By Shadoe Huard

All Together Now

A collection of people I read and respect, spelling out, as one, the writing on RIM’s wall.

* Marco Arment 

** Ben Brooks

*** Joshua Topolsky 

****MG Siegler 

*****The Macalope 

******John Gruber (linked list)

Posted at 12:55am and tagged with: RIM, Topolsky, Marco Arment, Ben Brooks, John Gruber, Macalope, MGSiegler,.

RIM is very good at making the same phone over and over again.* Their history proves that they had one great idea and kept selling the same idea until — well — now, when it isn’t selling anymore.** I feel more strongly than ever that RIM has lost not only its map but the compass as well, and may have let the sea carry it too far and too fast.*** …the RIM guy must have said “Flash” 200 times.
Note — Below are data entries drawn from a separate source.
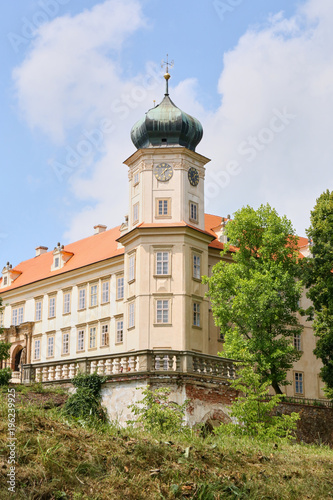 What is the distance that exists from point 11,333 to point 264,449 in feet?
153

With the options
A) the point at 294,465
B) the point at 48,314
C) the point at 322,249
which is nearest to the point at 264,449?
the point at 294,465

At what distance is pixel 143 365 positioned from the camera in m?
24.2

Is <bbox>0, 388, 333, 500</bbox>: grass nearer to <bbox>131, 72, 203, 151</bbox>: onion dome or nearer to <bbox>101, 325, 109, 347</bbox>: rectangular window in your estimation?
<bbox>131, 72, 203, 151</bbox>: onion dome

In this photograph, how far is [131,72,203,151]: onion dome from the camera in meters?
46.1

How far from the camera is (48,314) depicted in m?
58.2

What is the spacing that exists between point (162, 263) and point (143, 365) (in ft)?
68.3

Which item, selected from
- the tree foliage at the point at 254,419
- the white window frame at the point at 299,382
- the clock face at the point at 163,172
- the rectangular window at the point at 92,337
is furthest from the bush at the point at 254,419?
the rectangular window at the point at 92,337

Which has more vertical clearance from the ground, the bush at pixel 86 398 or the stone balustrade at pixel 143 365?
the stone balustrade at pixel 143 365

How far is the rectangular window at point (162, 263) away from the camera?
4466cm

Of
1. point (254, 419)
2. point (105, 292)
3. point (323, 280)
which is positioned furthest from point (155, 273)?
point (254, 419)

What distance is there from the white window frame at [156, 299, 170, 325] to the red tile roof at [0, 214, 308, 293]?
5970 mm

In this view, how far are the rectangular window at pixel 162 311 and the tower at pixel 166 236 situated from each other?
0.19ft

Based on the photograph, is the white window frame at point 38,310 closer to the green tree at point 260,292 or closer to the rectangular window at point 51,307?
the rectangular window at point 51,307

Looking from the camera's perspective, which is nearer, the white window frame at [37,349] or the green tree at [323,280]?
the green tree at [323,280] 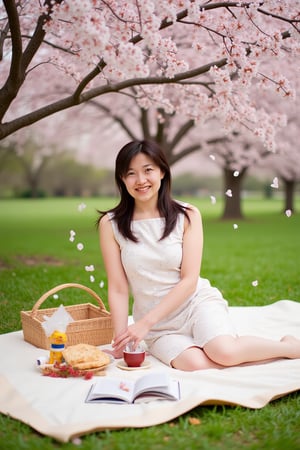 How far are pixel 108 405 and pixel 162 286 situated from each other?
3.20 feet

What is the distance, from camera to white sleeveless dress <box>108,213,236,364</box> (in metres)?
3.59

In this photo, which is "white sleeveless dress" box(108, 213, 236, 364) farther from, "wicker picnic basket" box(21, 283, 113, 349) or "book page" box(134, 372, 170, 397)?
"book page" box(134, 372, 170, 397)

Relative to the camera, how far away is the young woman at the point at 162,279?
11.3 ft

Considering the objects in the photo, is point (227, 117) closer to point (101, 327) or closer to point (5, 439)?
point (101, 327)

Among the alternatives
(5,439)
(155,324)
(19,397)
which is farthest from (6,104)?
(5,439)

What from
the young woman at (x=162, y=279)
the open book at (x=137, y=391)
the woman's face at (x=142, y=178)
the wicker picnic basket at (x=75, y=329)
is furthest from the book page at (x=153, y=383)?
the woman's face at (x=142, y=178)

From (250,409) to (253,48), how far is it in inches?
113

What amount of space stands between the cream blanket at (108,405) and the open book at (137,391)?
42 millimetres

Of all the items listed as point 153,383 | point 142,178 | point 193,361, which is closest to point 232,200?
point 142,178

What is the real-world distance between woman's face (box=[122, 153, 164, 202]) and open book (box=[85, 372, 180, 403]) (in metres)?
1.14

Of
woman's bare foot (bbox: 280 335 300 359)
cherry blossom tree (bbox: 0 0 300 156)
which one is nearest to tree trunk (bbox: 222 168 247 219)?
cherry blossom tree (bbox: 0 0 300 156)

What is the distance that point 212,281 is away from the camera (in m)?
7.20

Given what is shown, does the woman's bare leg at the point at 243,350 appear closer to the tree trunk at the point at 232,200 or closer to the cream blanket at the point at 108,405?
the cream blanket at the point at 108,405

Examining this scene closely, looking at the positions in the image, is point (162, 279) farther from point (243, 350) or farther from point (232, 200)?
point (232, 200) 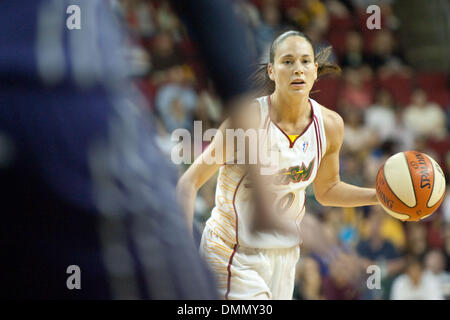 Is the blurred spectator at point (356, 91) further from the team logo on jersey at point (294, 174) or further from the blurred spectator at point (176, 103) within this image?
the team logo on jersey at point (294, 174)

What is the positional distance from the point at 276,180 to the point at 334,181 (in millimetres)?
537

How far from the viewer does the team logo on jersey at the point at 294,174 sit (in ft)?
9.77

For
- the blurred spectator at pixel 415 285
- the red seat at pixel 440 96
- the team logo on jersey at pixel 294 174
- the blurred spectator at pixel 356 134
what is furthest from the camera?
the red seat at pixel 440 96

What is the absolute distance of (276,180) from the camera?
2957 millimetres

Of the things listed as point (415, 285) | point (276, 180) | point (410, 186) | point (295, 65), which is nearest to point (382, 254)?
point (415, 285)

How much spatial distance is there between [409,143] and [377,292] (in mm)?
2406

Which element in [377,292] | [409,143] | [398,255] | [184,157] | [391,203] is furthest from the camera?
[409,143]

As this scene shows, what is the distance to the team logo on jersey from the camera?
9.77 ft

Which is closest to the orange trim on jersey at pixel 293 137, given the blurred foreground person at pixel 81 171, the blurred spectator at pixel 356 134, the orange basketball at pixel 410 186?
the orange basketball at pixel 410 186

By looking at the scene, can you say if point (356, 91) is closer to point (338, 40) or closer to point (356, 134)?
point (356, 134)

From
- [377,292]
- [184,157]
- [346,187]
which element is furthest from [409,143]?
[346,187]

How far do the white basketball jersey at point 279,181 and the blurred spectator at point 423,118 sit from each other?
168 inches

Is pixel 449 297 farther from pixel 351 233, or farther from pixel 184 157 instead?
pixel 184 157

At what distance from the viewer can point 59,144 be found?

I simply don’t care if it runs Flash or not.****Do they really believe in this fantasy world they’ve built for themselves…***** I think RIM is a company whose business is on the cusp of imploding.******

November 22nd 2010

Regarding Google’s Slow Death    

I’m sharing these thoughts mostly as a response after reading Ben Brooks’ article regarding this subject.  I suggest you go and read both, as it will definitely frame what follows in the proper context.

 

Ben Brooks, on Android:

I have no concrete reasons why, it just seems to me that they have yet to figure out what will keep them alive. Android could have been a great source of money for them, but then they decided that the Android platform would not be a direct profit center, instead they would profit off of mobile search and in-app advertising – using Android to help drive those revenue sources.”

Judging from Androids current leading market share in unit sales, couldn’t you say using Android to drive those revenue streams is a good business decision?  Sure, there’s lots of other ways Android could be profitable, but there’s nothing wrong with sticking to your strengths either.  I don’t agree with the thought that Google needs to be anything other than a search and ad company to remain successful. 

 

On success:

 

Long-term sustainable success – the success that puts your company in the Fortune 500 – is only done two ways: being innovative while executing well, or by having something that few others have (rare goods). The latter consists of oil companies, diamond companies and so on – companies that have goods that for one reason or another the general population desires. The rest are in the former category: innovative and executing well.

I would argue that search itself is a valuable good.  Nobody would deny the importance or desirability of search on the internet and Google has the lion’s share of that market.   I’d wager that it would probably still be incredibly successful if it didn’t even have anything else but search.  I am probably right; Without having done the research, I could probably correctly claim that most of Googles profits come from search and advertising.

But what about innovating and executing?  It’s hard to truly know.

I don’t think there is something inherently wrong with merely acquiring new products of ideas.  One could claim that Google is great at acquiring ideas and integrating them into their business model.  Perhaps they are good at executing acquisitions.

Google’s primary interests, and what pays their bills, is search and ads.  If you don’t think Google is successfully creating innovative products and services, that doesn’t mean they aren’t successfully innovating and executing on new ideas related to search and ads.  Almost every product or service they release, whether acquired or created in-house, serve to to improve how Google mines data.  Be it Gmail, Google Earth, Android and Google TV all harness the powers of Googles ability to gather and sort information.  In turn, they themselves feed the search and ad machine that is Google’s cash cow.  Some of these innovations we might not even see; who’s to say how many improvements they bring to their search algorithms each and every day.  

Perhaps instead of questioning Google’s innovation and execution on consumer services and products, we might instead judge their innovation and execution on the company’s real business interests: search and advertisements.  

In comparison, what would we say of the innovation and execution of other companies interested in search and ads?  

I don’t think Fred Wilson’s argument are necessarily false.  I just think they’re ignoring how Google became successful in the first place.

Posted at 12:20pm and tagged with: google, ben brooks, success, search, business, ads,.